Statistical Guarantees for Reasoning Probes on Looped Boolean Circuits
Anastasis Kratsios, Giulia Livieri, A. Martina Neuman
TL;DR
The paper addresses the problem of statistically evaluating reasoning probes that interrogate looped Boolean circuits with partial observability. It introduces a GCN-based probing framework where probe outputs live in the interior of the $m$-simplex and uncertainty is modeled via the Aitchison geometry, coupled with a hitting-probability metric on a strongly connected digraph derived from looped execution.

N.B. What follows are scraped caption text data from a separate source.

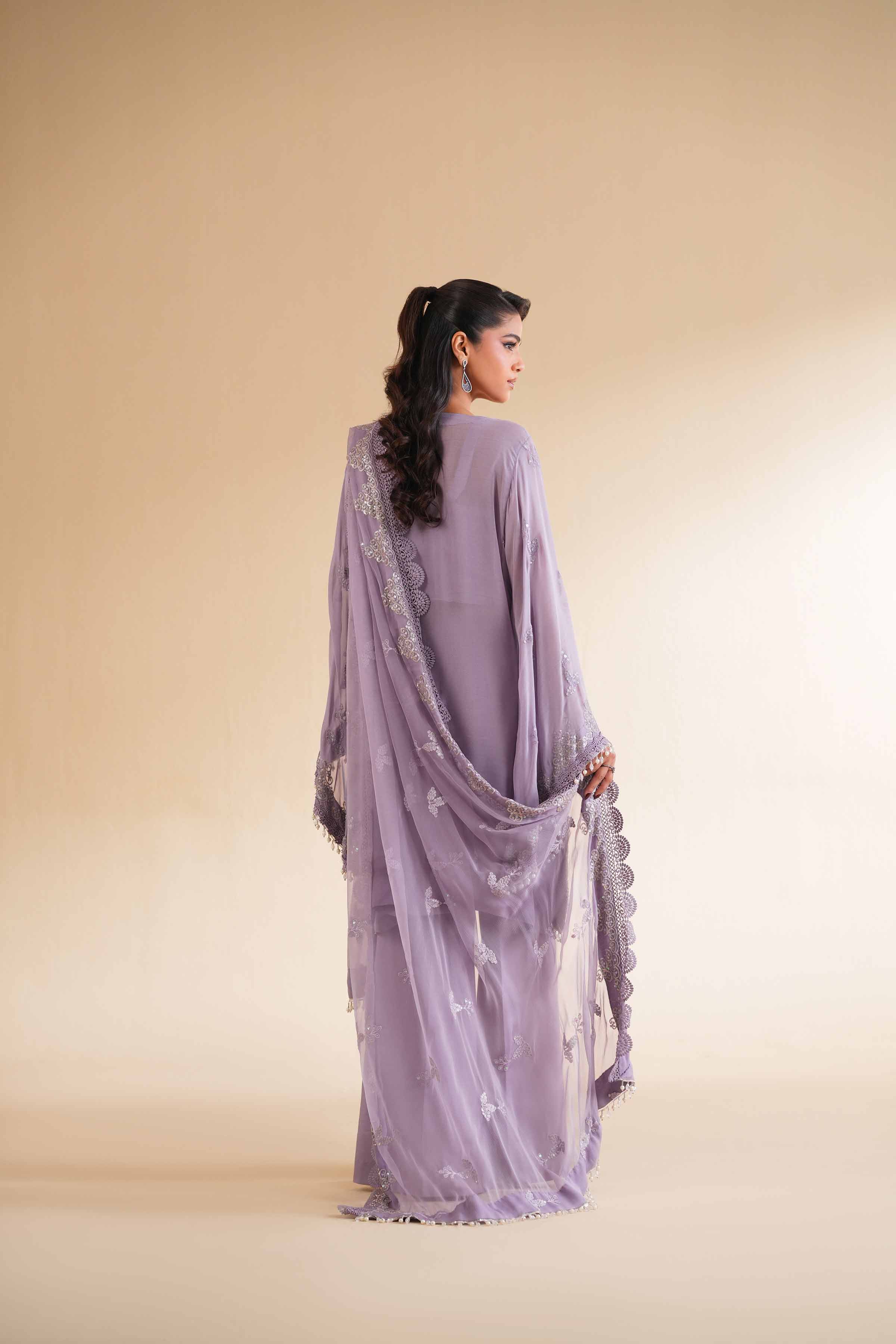 3 PIece - Dyed Embroidered Suit - 42501512 - Image 3
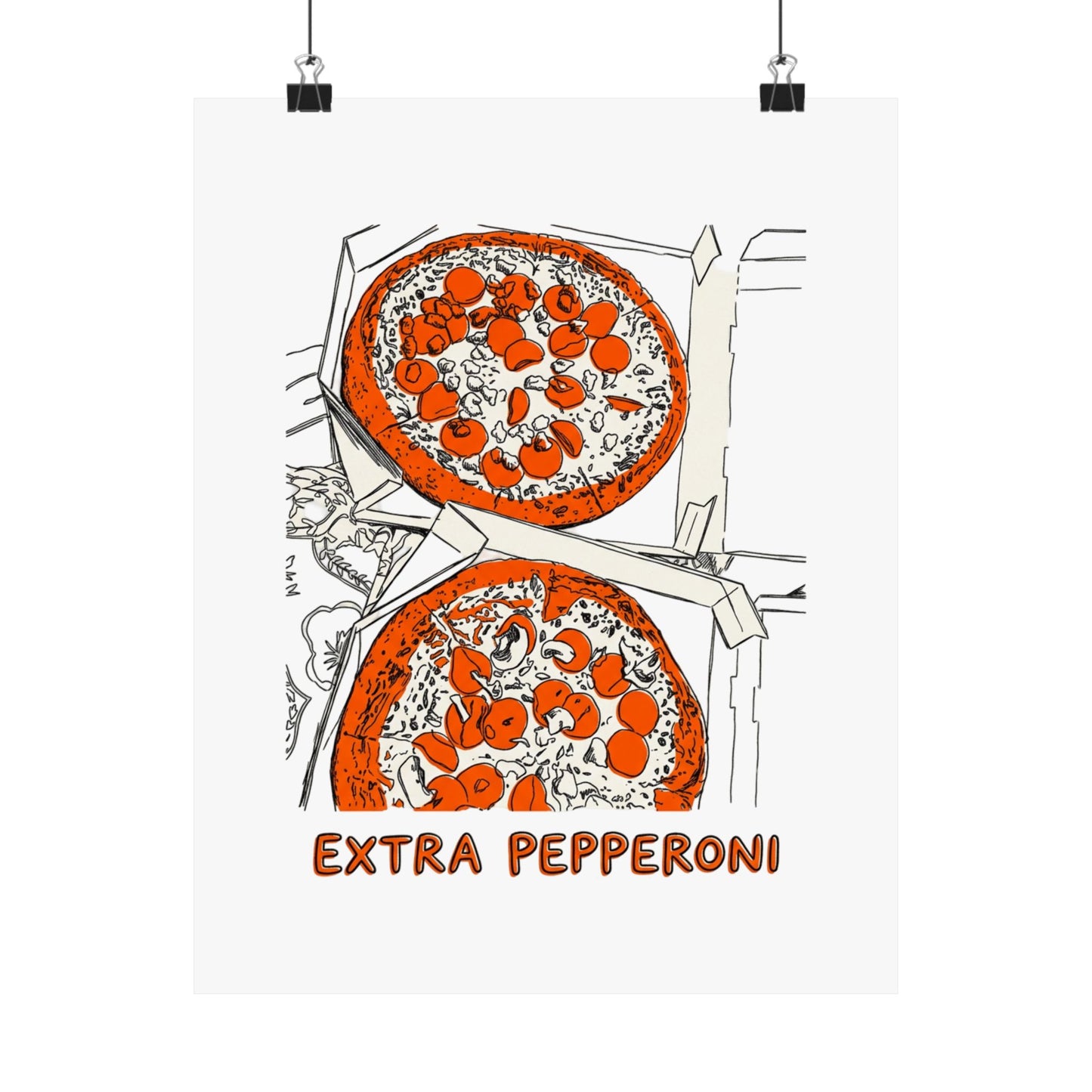 Extra Pepperoni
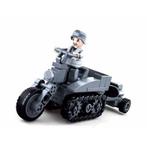 🎁 WW2 Bouwstenen - C22 - Duitse SD.KFZ.2 motor 🎁, Ophalen of Verzenden, Nieuw, Overige merken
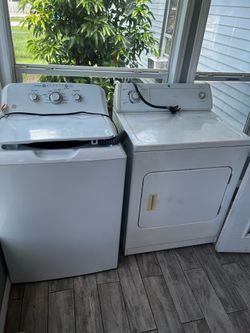 Washer and dryer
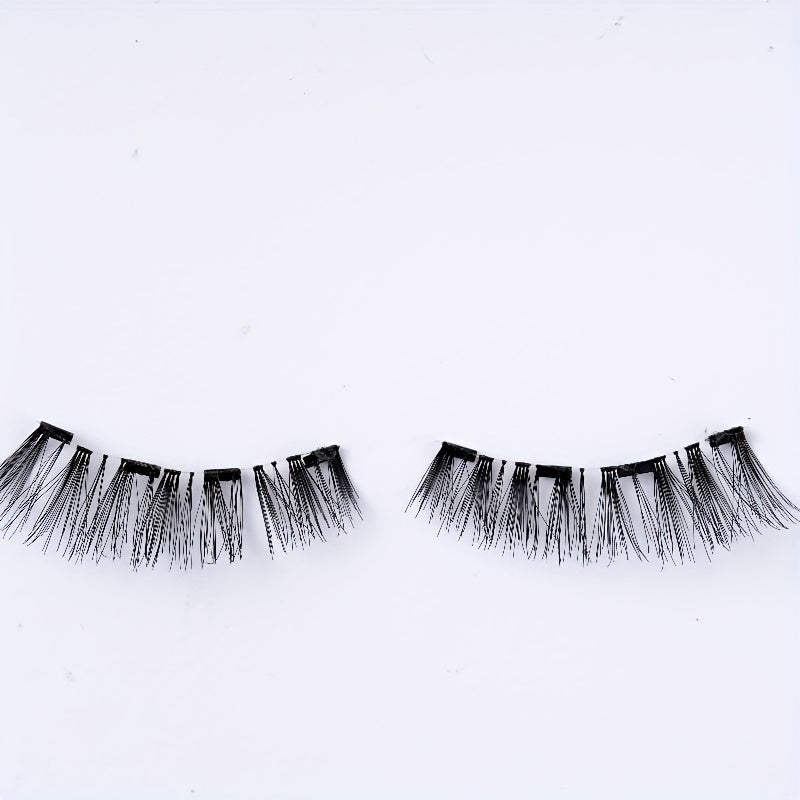 Magnetic Eyelashes 4pcs Magnets Reusable Simulated Natural Lashes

The main result proves a transductive generalization bound: with $N$ observed nodes, the worst-case generalization error decays at the optimal rate $\mathcal{O}\big(\sqrt{\log(2/\delta)}/\sqrt{N}\big)$ with probability at least $1-\delta$, and this rate is independent of the graph size thanks to a one-dimensional snowflake embedding of the induced graph metric. The work also provides Lipschitz estimates for GCNs on digraphs and develops a metric-embedding-based proof strategy, offering a principled link between circuit structure and statistical efficiency under partial access.
Abstract
We study the statistical behaviour of reasoning probes in a stylized model of looped reasoning, given by Boolean circuits whose computational graph is a perfect $ν$-ary tree ($ν\ge 2$) and whose output is appended to the input and fed back iteratively for subsequent computation rounds. A reasoning probe has access to a sampled subset of internal computation nodes, possibly without covering the entire graph, and seeks to infer which $ν$-ary Boolean gate is executed at each queried node, representing uncertainty via a probability distribution over a fixed collection of $\mathtt{m}$ admissible $ν$-ary gates. This partial observability induces a generalization problem, which we analyze in a realizable, transductive setting. We show that, when the reasoning probe is parameterized by a graph convolutional network (GCN)-based hypothesis class and queries $N$ nodes, the worst-case generalization error attains the optimal rate $\mathcal{O}(\sqrt{\log(2/δ)}/\sqrt{N})$ with probability at least $1-δ$, for $δ\in (0,1)$. Our analysis combines snowflake metric embedding techniques with tools from statistical optimal transport. A key insight is that this optimal rate is achievable independently of graph size, owing to the existence of a low-distortion one-dimensional snowflake embedding of the induced graph metric. As a consequence, our results provide a sharp characterization of how structural properties of the computational graph govern the statistical efficiency of reasoning under partial access.